Finished the edges and white center is yellow/ yellow center is white & my white/blue & white/green edges are opposite. I did the parity algorithm after edges D' L2 D M2 D' L2 D and that didn't work. I also tried U' F2 U M2 U' F2 U and that didn't work either.

EDIT: 

Second attempt after edges, parity alg, D' L2 D M2 D' L2 D then corners. I now have 3 flipped edges yellow/green on top, blue/yellow is in the buffer and white green/ is directly opposite of the buffer.


----------



## JemFish (Feb 9, 2015)

cubedude22 said:


> Finished the edges and white center is yellow/ yellow center is white & my white/blue & white/green edges are opposite. I did the parity algorithm after edges D' L2 D M2 D' L2 D and that didn't work. I also tried U' F2 U M2 U' F2 U and that didn't work either.



I (surprisingly) found your error. By pure luck I executed wrongly, and my scramble ended up like what you described. The memo I provided was entirely correct, but (y)our execution was wrong. I think what you did wrong was your set-up move for W. It's [B2], right? Wrong. You're supposed to go [M U2 M U2] and then for C you should do [U2 M' U2 M'] but because it's the second letter of the pair you do [M U2 M U2] again.

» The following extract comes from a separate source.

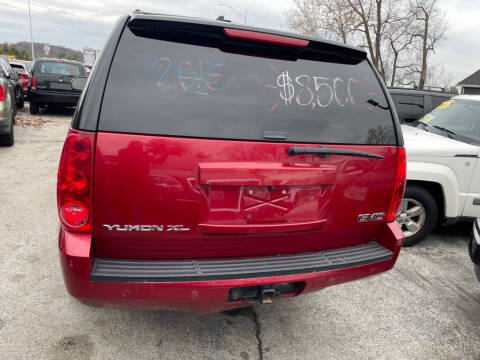 2013 GMC Yukon XL SLT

So start with [M U2 M U2 M U2 M U2] and you should be fine from there.

It's good to make silly mistakes; you'll probably never make them again.

Hope I helped!


----------



## cubedude22 (Feb 9, 2015)

I'm confused as to why WC isn't M U2 M U2 than U2 M' U2 M'. What does being the second letter of the pair have to do with the algorithms changing? And what do you mean by W being B2?

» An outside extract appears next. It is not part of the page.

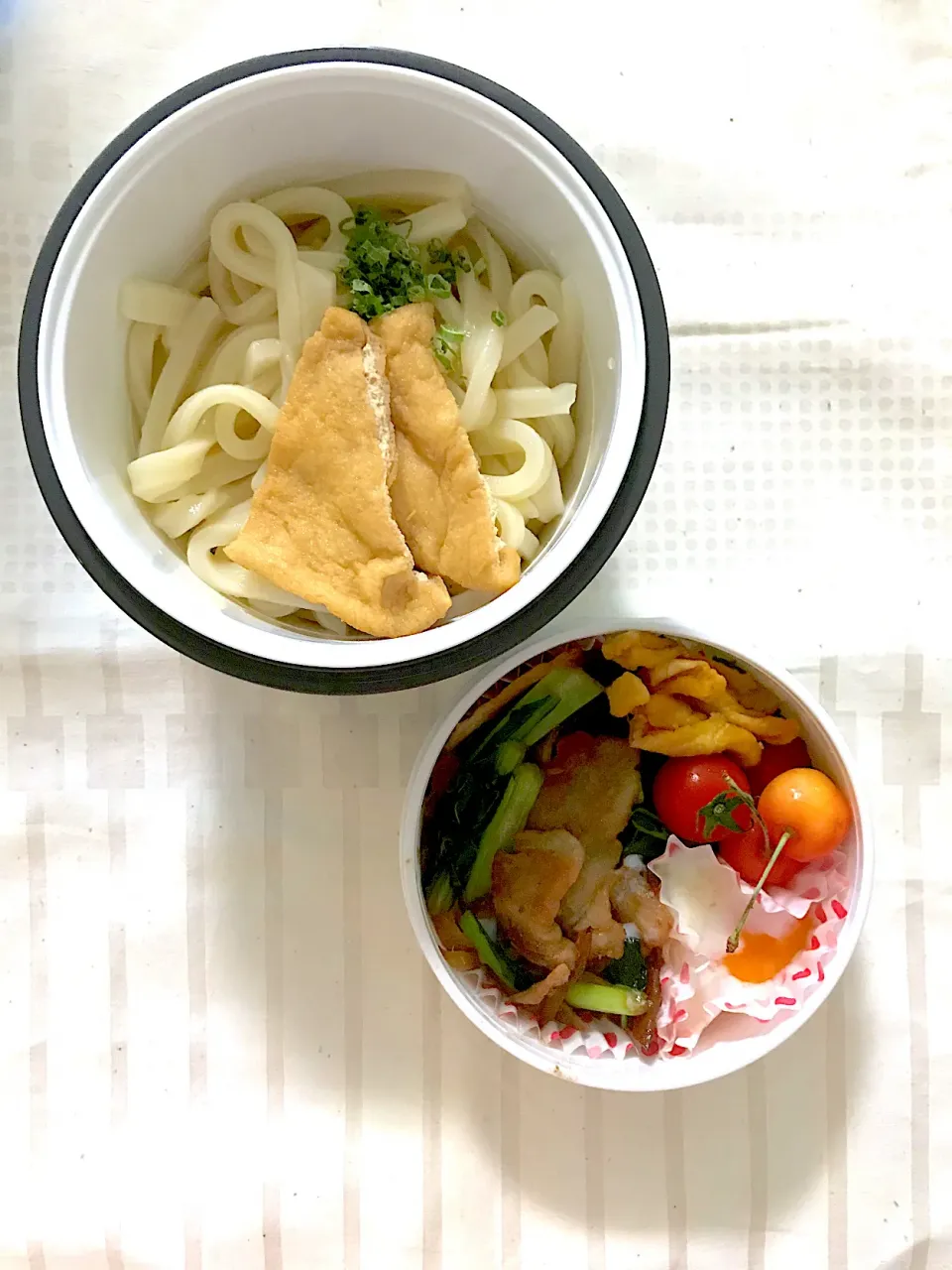 息子お弁当　豚バラ野菜炒め　温玉、きつねうどん|sonokoさん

Thanks for the help so far!


----------



## JemFish (Feb 9, 2015)

cubedude22 said:


> I'm confused as to why WC isn't M U2 M U2 than U2 M' U2 M'. What does being the second letter of the pair have to do with the algorithms changing? And what do you mean by W being B2?
> 
> Thanks for the help so far!



[M U2 M U2] and [U2 M' U2 M'] are exact opposites of each other. If you perform one after the other (in any order) nothing's going to happen. You do the opposite alg for a sticker when it's the second letter of a pair because every time you do M2 or an algorithm, the entire M layer is being rotated by 180 degrees. Because of that you're changing the shooting position if the sticker is in the M layer.

For example, perform [M U2 M U2] on a solved cube. Where does the buffer need to go? To C. Take into consideration that yellow is (temporarily) on top, not white.

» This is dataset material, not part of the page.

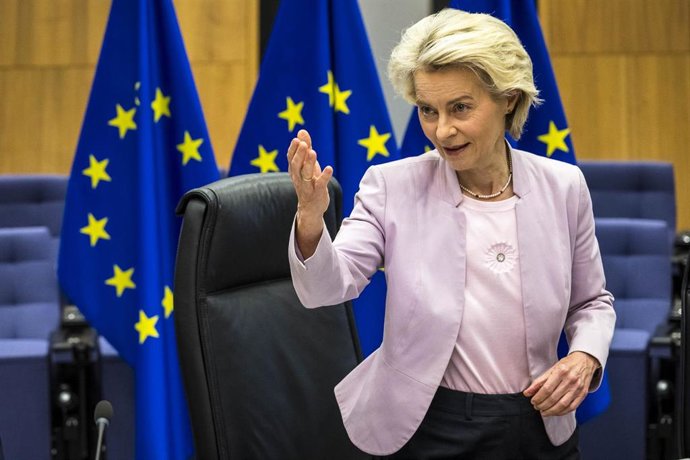 La presidenta de la Comisión Europea, Ursula Von der Leyen, en la reunión semanal del colegio de comisarios.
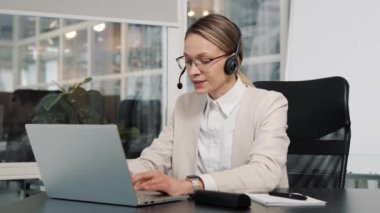 Üst düzey yönetici bilgisayarda kulaklık takıyor. İş kadını giysisi hoparlörü canlı internet eğitimi veriyor. Çağrı merkezi ajanı, servis destekçisi bayan web kamerasındaki müşteriyle konuşuyor.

Now perform [U2 M' U2 M'] on a solved cube. Where does the buffer need to go? To W.

About 'W being B2': if you perform [B2], W will end up in A, the shooting position. You can't do that because you can't disturb the M layer during set-ups, which is why you do [M U2 M U2] instead.

Again, I hope I helped.


----------



## cubedude22 (Feb 9, 2015)

Ah that does make sense. Confusing though. How would this be recognized when memorizing? And yes, you've been very helpful. Thank you again!


----------



## JemFish (Feb 9, 2015)

cubedude22 said:


> Ah that does make sense. Confusing though. How would this be recognized when memorizing? And yes, you've been very helpful. Thank you again!



You're welcome. My examples weren't very accurate though, but I guess they work. You need to have a little play around with M2 (eyes open) to get a good feel for it.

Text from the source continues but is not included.